Venganza en la liberación
En su segunda guerra, Marcelino volvió a apostar por el bando perdedor. En junio de 1940 las tropas nazis le apresaron junto a decenas de españoles que habían luchado junto a los franceses. Los siguientes cinco años jamás los hubiera imaginado, las atrocidades que un lustro más tarde conmocionaron al mundo él las viviría en primera persona. Muchas las relató con detalle en un manuscrito para la obra Triángulo azul. Los republicanos españoles en Mauthausen y en las que abordó a lo largo de más de una docena de páginas todos los padecimientos. Narraba cómo fue apresado, transportado y maltratado por los nazis. Cómo se soporta convivir con la muerte merodeando, el efecto del hambre, la resistencia en la nieve, el dolor ilimitado de las palizas, el efecto del fútbol en los peores momentos o el valor del ‘azar’ que le salvó la vida. En su escrito no ahorró nada. Tampoco la venganza mortal para con sus maltratadores horas antes de ser liberados. Marcelino lo relató todo sin tapujos a sus familiares.
Su número de preso, el 4.628 llegó a convertirse en un recuerdo imposible de erradicar. Mauthausen, le persiguió durante toda su vida, “fue como una prolongación del programa de exterminio nazi”, recuerda su sobrino-nieto Etxahun Galparsoro. Aún lo ve en su memoria con la mirada perdida observando el plato vacío durante una cena familiar en plena Navidad, “en ese momento estaba en Mauthausen, cada día tenía ‘un rato’ de Mauthausen”. No fue el único campo, también vivió el experimento de la maldad que supuso el campo de concentración de Ebensee (Austria), a cien kilómetros de Mauthausen, en su último año de cautiverio hasta su liberación el 6 de mayo de 1945.
Galparsoro decidió documentar y grabar aquellos relatos que Marcelino hacía cuando les visitaba en su casa de San Sebastián. Había comenzado a escucharlos cuando era sólo un chiquillo. Entonces no comprendía bien las historias de su tío-abuelo, “más allá de que había estado en un lugar muy malo” pero sí el silencio grave de los mayores mientras le escuchaban.
Fortuna
Marcelino vivía en Francia, en Chatellerault. Su regreso a España hubiera supuesto retornar al infierno, a la amenaza del régimen franquista contra el que luchó. Incluso tras salir de Mauthausen quiso volver a intentarlo y a ofrecerse para acabar con el dictador. Eran otros tiempos y su deseo no logró adeptos ni medios.

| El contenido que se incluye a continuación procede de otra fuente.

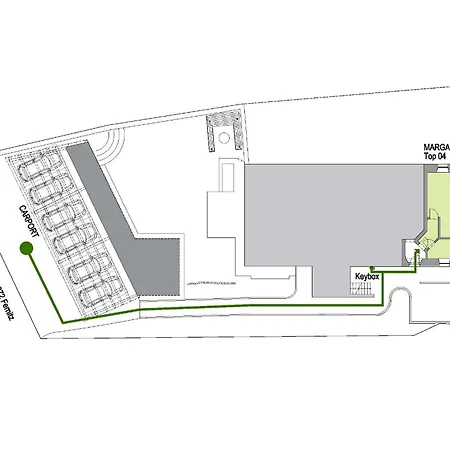 Haus Ferdinand Appartement *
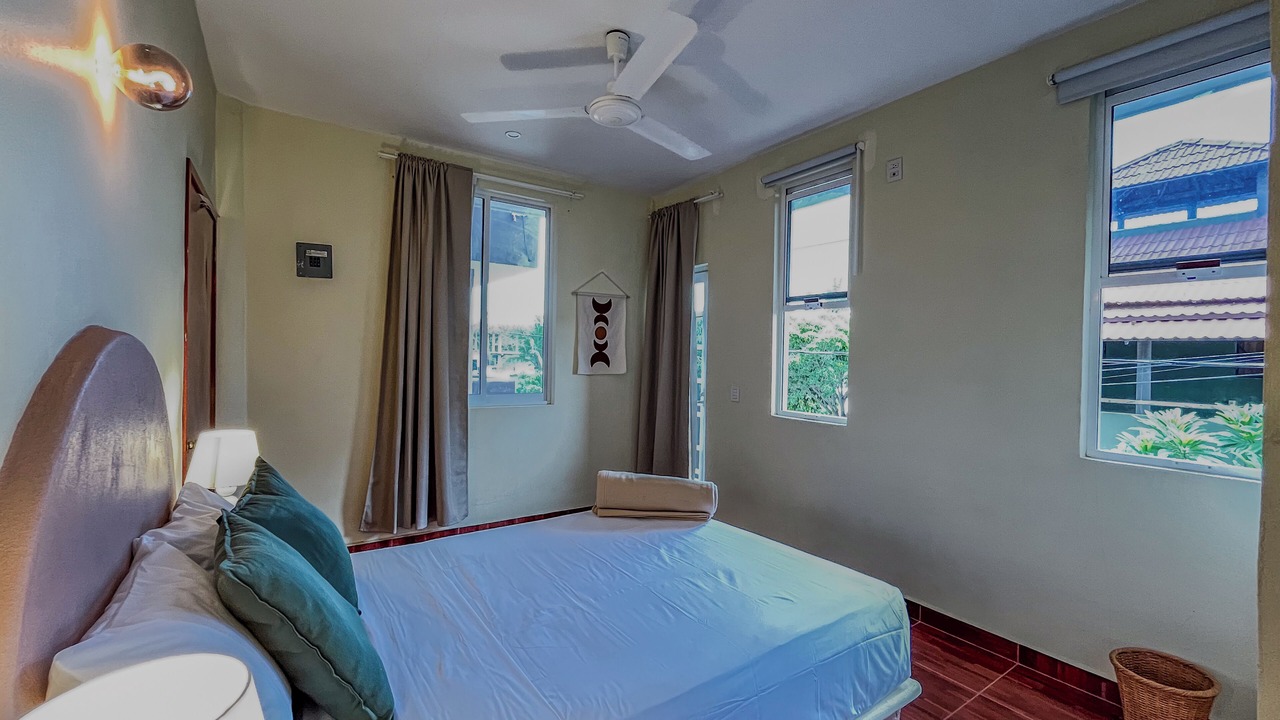 Photo of Bedroom in Brisas de Zicatela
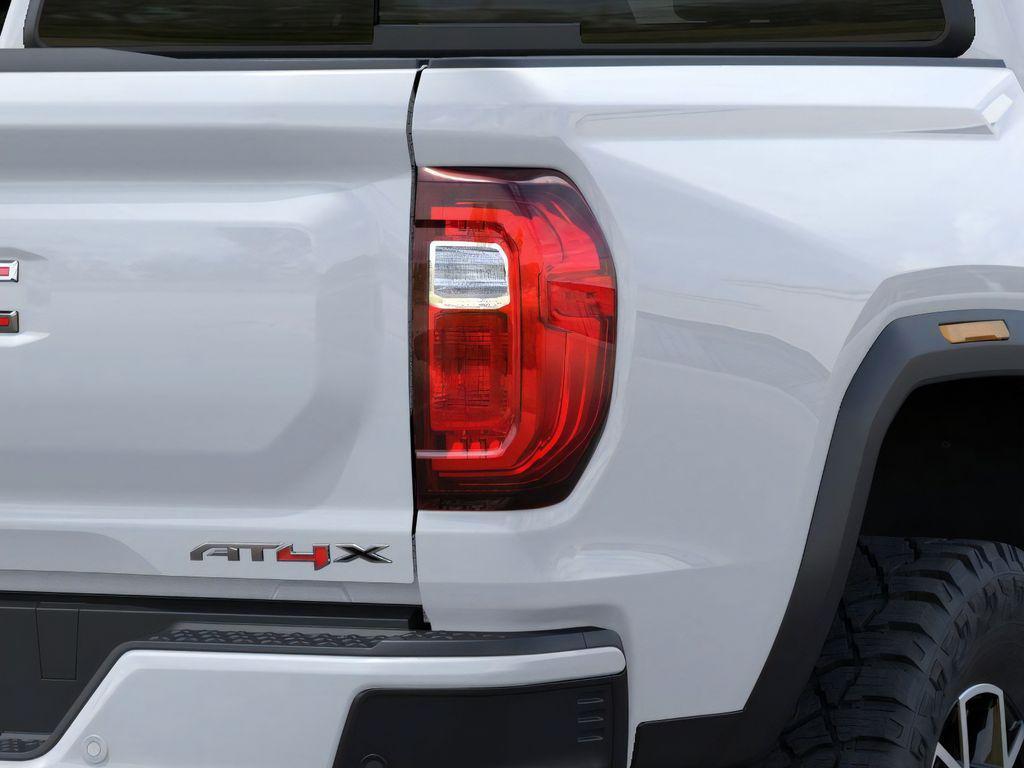 new 2026 GMC Canyon car, priced at $58,795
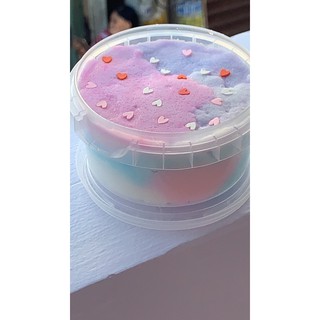 Slime Đám Mây Của Ngựa Thần ⛈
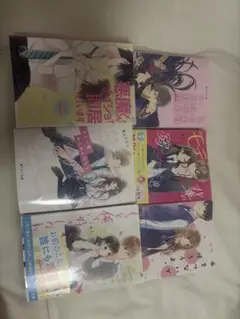 恋愛小説セット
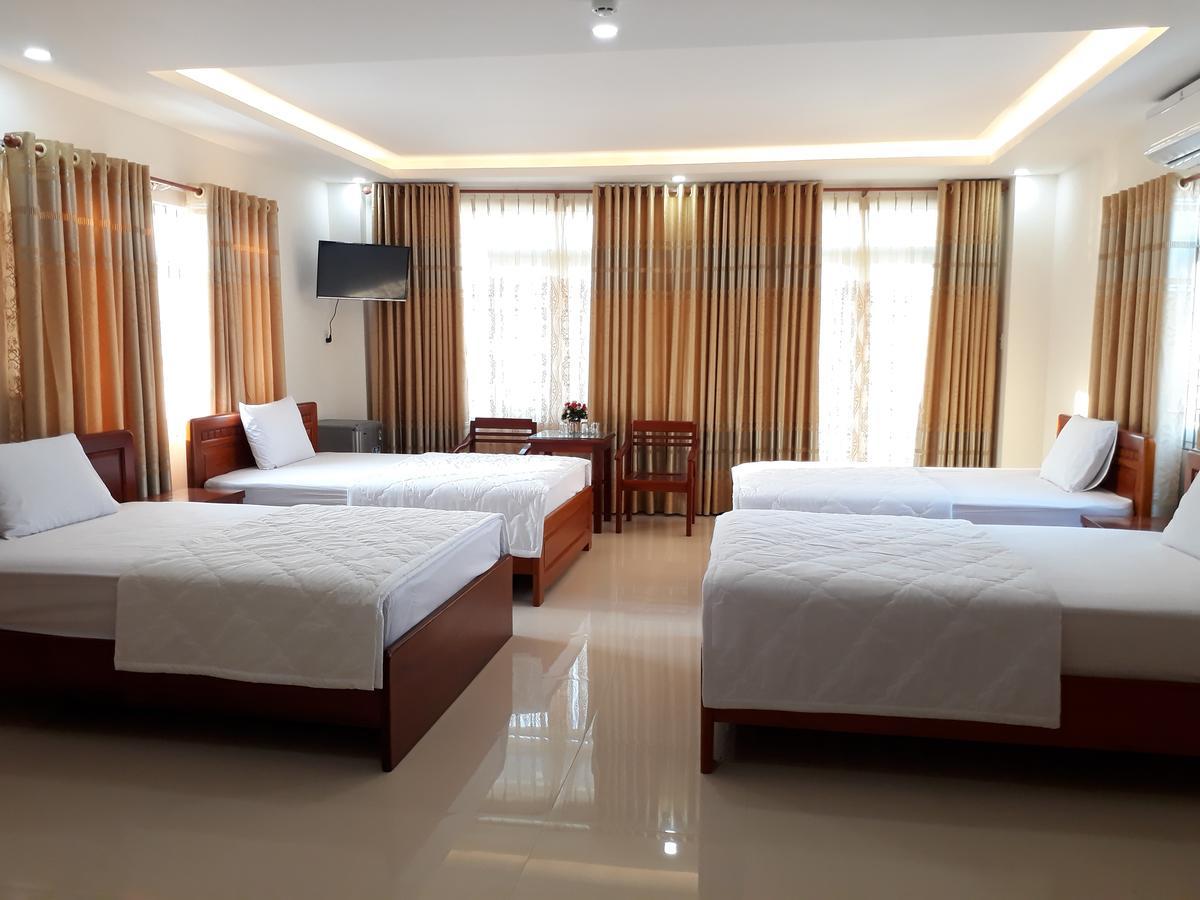 DUY HUY hotel & apartment Nha Trang Ngoại thất bức ảnh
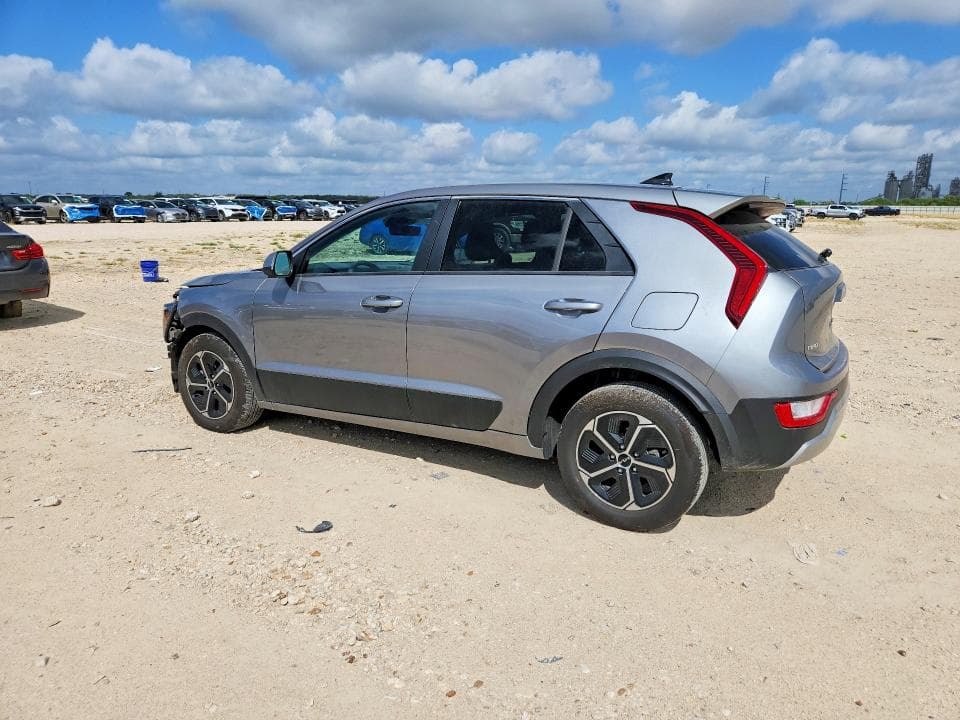 2026 KIA NIRO LX 2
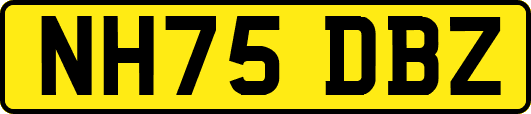 NH75DBZ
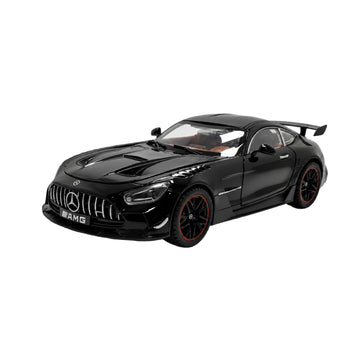 Carro Mercedes-Benz AMG GTR Escala 1:18 Coleccionable
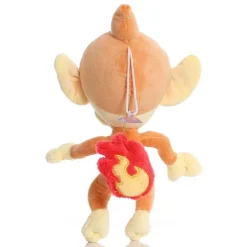 Pkm.store Pokemon Kuscheltiere-Panflam Chimchar Kuscheltier Aus Pokemon Strahlender Diamant Und Leuchtende Perle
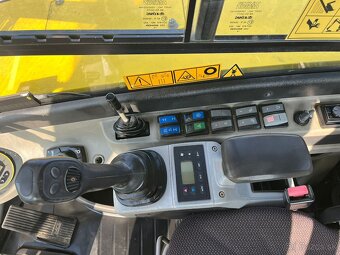 Kolesové rypadlo Wacker Neuson EW100 - 10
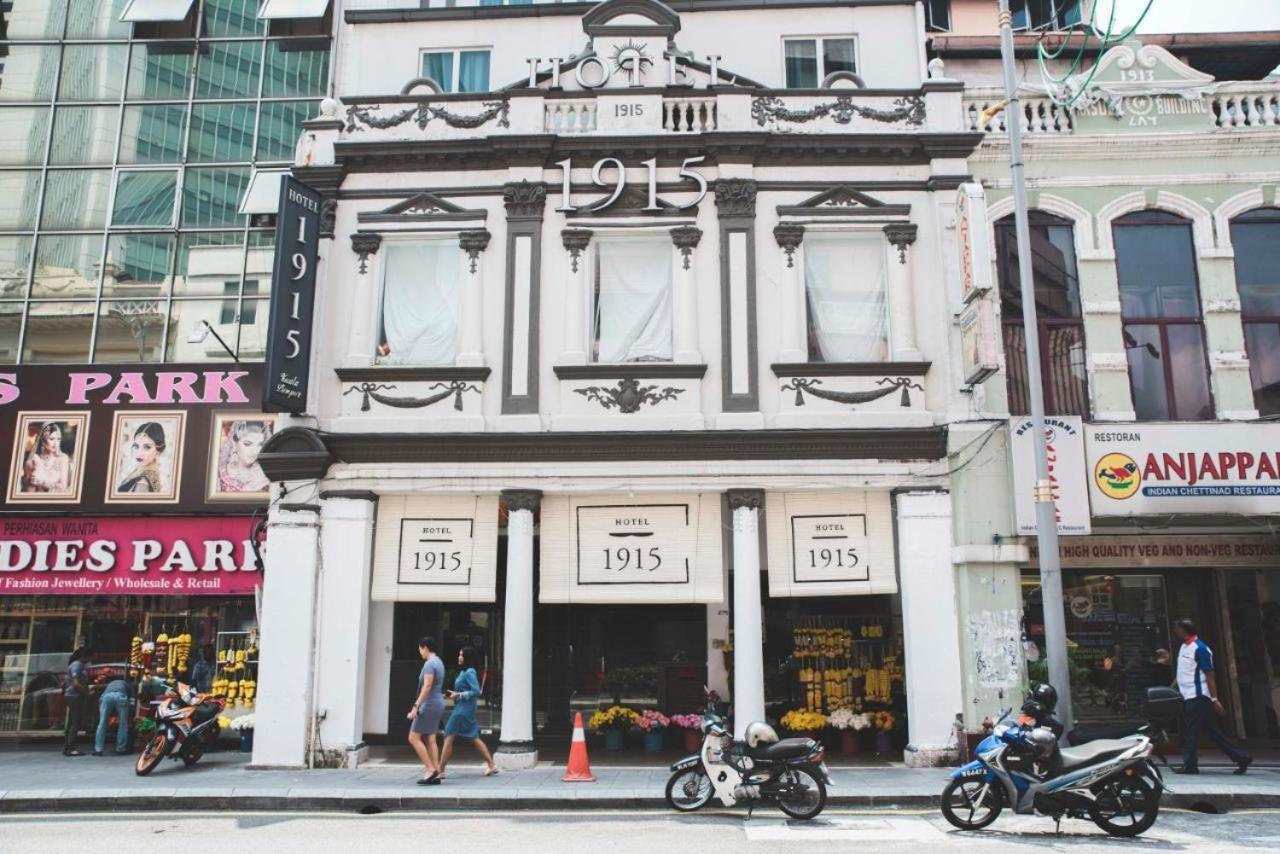 Hotel 1915 Kuala Lumpur Exterior foto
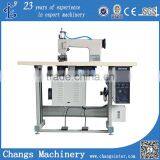 ST-60 Manual Non-woven Medical Disposable Suit Sealing Machine thumbnail-1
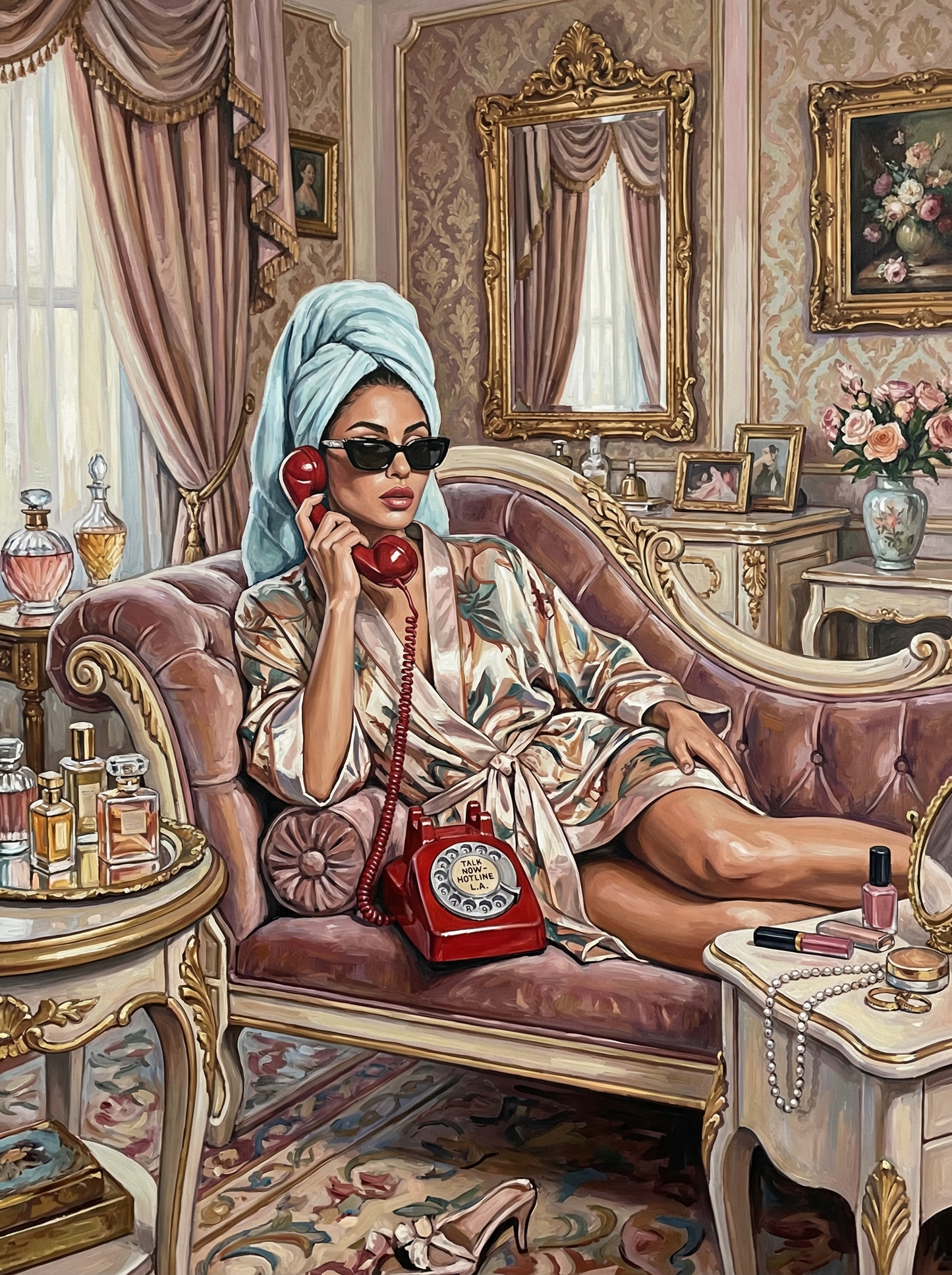 Boudoir Conversations (80 Colors)
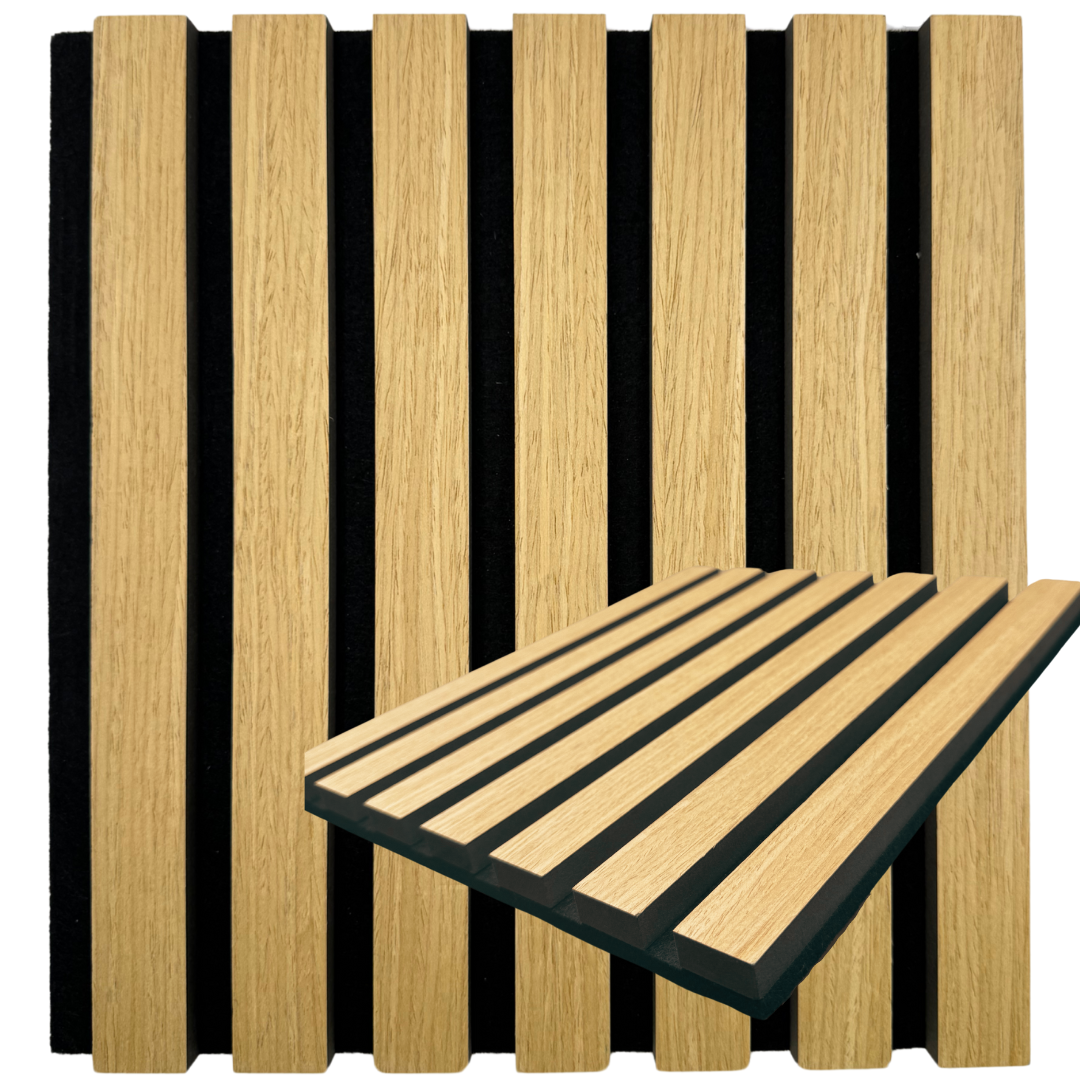 Acoustic Wall Panel โ 25mm, 24โ x 9ft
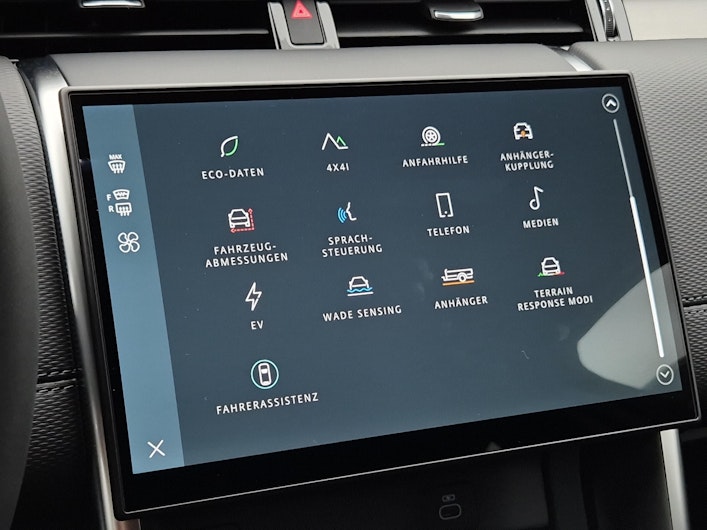 Fahrzeugbild LAND ROVER DISCOVERY SPORT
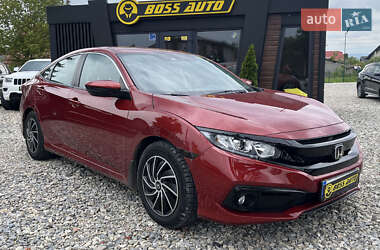 Honda Civic 2018 Honda Civic 2018
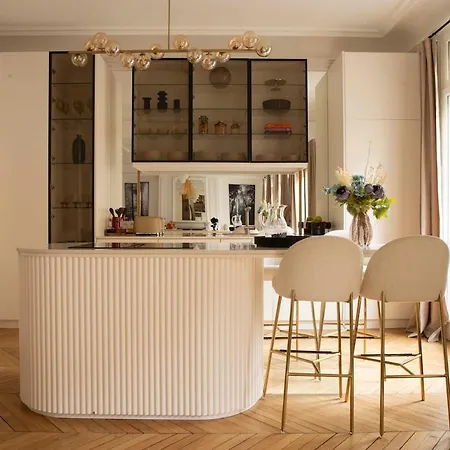 Maison V - Saint-germain Luxury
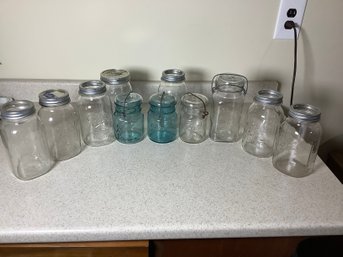 Vintage Ball Jar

Sobrevivió a una guerra en España, otra en Francia y a cinco años en los campos de concentración
Etxahun nunca perdió la curiosidad con la historia. Quizá ese pasado oscuro de los relatos de su tío-abuelo fueron el factor que le impulsaría a querer saber más, a conocer el pasado y terminar por graduarse como historiador. Aquellas conversaciones, aquellas cintas de cassete escondían, de alguna manera, una parte de historia a la que ahora ha dado forma, añadiendo contexto y cronología, en la obra Bilbao en Mauthausen. Memorias de supervivencia de un deportado vasco (Ediciones Crítica). Sobrevivió a una guerra en España, otra en Francia y a cinco años en los campos de concentración de los nazis. “Fue por puro azar”, dijo siempre él.
Un viaje vital terrible que no hizo solo. Entre los muchos españoles que terminaron en este y otros campos de concentración, Marcelino conoció a José María Aguirre. A la salida de Mauthausen lo acogió en su casa en Francia, donde Marcelino terminaría enamorándose de su hermana, Mercedes, con la que tendría dos hijas. Su familia fue su verdadero pilar junto a la otra ‘familia’, la de los deportados republicanos. Ambos le permitieron seguir adelante. “No se puede pensar que los dos se salvaron por haberse curtido en una infancia dura. En Mauthausen todos los prisioneros que entraban tenían que morir, no era algo que estuviera condicionado a la conducta, por eso decían que la fortuna jugó un papel fundamental en su caso”, subraya Galparsoro.